Data shown |
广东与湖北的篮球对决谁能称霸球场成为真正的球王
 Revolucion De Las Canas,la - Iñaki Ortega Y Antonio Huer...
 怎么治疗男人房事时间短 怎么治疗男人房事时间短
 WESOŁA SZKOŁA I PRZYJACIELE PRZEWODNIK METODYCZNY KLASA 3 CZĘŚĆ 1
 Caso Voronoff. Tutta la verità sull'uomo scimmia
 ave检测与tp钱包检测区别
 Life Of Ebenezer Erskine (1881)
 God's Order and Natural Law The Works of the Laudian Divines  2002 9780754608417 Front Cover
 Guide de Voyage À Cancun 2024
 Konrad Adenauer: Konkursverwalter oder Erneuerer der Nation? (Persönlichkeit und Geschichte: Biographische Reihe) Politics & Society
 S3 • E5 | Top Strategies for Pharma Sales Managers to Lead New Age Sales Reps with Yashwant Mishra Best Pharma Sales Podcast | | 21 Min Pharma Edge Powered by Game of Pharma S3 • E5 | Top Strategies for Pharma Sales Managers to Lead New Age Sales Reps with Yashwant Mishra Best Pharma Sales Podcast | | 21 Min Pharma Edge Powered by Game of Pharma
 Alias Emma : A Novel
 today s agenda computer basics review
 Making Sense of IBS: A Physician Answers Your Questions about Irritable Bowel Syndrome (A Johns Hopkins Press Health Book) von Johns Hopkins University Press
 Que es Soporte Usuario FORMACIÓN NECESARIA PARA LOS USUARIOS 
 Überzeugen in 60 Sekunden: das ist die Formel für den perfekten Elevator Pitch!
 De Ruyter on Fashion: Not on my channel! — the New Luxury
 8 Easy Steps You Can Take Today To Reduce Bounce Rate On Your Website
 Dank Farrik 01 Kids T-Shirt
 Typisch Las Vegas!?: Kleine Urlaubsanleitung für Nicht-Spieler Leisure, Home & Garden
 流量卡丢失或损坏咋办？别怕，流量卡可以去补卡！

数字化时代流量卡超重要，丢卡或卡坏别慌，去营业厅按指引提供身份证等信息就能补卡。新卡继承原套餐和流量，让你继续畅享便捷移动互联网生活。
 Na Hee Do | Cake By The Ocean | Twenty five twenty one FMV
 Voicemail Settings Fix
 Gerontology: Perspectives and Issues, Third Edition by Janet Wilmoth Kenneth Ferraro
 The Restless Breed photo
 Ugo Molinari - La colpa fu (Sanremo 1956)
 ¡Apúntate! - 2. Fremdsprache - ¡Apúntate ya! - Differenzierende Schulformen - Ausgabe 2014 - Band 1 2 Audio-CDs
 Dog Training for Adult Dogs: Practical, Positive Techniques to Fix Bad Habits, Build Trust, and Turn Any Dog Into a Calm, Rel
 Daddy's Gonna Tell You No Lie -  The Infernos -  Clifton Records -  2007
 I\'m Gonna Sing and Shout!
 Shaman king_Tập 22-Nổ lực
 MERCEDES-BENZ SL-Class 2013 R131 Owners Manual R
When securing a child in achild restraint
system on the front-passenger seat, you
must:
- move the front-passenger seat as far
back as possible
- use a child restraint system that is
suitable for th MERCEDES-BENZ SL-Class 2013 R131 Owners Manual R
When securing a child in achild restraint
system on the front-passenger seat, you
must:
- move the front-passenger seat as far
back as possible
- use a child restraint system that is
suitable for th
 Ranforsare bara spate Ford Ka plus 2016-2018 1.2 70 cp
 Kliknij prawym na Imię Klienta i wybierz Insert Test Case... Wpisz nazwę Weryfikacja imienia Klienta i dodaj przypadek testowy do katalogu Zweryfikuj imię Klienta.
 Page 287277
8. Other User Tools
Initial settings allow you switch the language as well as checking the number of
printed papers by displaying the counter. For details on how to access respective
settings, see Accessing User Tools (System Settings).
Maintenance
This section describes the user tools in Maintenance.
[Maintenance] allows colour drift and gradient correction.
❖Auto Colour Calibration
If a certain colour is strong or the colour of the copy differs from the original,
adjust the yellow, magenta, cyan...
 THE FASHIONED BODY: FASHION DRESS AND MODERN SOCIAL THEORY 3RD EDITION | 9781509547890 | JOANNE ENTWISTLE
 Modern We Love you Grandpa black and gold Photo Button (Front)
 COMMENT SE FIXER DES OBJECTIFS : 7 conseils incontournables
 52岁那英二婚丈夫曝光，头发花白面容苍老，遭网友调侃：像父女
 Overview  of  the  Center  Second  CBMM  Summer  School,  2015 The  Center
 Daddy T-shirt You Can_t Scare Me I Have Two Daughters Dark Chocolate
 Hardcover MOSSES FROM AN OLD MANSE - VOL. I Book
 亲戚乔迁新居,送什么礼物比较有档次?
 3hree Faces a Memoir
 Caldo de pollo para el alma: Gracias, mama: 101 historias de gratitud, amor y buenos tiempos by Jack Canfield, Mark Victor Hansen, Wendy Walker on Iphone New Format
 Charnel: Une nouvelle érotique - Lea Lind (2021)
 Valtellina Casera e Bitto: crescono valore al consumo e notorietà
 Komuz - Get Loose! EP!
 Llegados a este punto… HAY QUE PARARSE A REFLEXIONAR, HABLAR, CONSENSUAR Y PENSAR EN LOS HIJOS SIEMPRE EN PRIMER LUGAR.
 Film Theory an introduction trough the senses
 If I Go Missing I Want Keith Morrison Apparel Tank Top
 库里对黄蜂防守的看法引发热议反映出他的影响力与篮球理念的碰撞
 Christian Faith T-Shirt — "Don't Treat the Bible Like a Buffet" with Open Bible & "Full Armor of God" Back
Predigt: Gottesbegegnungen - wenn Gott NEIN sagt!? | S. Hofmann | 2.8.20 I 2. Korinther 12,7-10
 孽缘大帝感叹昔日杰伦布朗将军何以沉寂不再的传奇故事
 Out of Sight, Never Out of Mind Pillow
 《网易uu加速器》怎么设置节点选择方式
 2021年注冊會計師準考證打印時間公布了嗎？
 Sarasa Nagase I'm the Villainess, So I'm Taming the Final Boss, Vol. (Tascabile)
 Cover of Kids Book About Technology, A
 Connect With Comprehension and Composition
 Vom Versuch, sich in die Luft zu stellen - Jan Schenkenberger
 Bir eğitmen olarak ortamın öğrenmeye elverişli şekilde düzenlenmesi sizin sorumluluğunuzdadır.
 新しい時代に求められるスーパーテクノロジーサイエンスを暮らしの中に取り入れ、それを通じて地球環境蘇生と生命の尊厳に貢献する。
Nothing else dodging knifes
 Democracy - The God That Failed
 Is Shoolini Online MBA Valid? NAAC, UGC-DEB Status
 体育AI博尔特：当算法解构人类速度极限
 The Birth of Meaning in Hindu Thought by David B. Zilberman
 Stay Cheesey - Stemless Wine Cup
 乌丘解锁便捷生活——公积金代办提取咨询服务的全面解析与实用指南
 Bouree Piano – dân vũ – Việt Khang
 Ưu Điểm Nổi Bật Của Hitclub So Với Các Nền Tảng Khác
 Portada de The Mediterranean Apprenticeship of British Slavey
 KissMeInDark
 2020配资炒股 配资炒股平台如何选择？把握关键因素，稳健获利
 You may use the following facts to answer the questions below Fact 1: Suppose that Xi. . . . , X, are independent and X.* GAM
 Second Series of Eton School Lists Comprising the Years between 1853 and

Directions for this task |
Looking at the entries above, can you reproduce exactly the lines from the one that holds "Bir eğitmen olarak" through the one that holds "You may use", and only those?

Response box |
 Bir eğitmen olarak ortamın öğrenmeye elverişli şekilde düzenlenmesi sizin sorumluluğunuzdadır.
 新しい時代に求められるスーパーテクノロジーサイエンスを暮らしの中に取り入れ、それを通じて地球環境蘇生と生命の尊厳に貢献する。
Nothing else dodging knifes
 Democracy - The God That Failed
 Is Shoolini Online MBA Valid? NAAC, UGC-DEB Status
 体育AI博尔特：当算法解构人类速度极限
 The Birth of Meaning in Hindu Thought by David B. Zilberman
 Stay Cheesey - Stemless Wine Cup
 乌丘解锁便捷生活——公积金代办提取咨询服务的全面解析与实用指南
 Bouree Piano – dân vũ – Việt Khang
 Ưu Điểm Nổi Bật Của Hitclub So Với Các Nền Tảng Khác
 Portada de The Mediterranean Apprenticeship of British Slavey
 KissMeInDark
 2020配资炒股 配资炒股平台如何选择？把握关键因素，稳健获利
 You may use the following facts to answer the questions below Fact 1: Suppose that Xi. . . . , X, are independent and X.* GAM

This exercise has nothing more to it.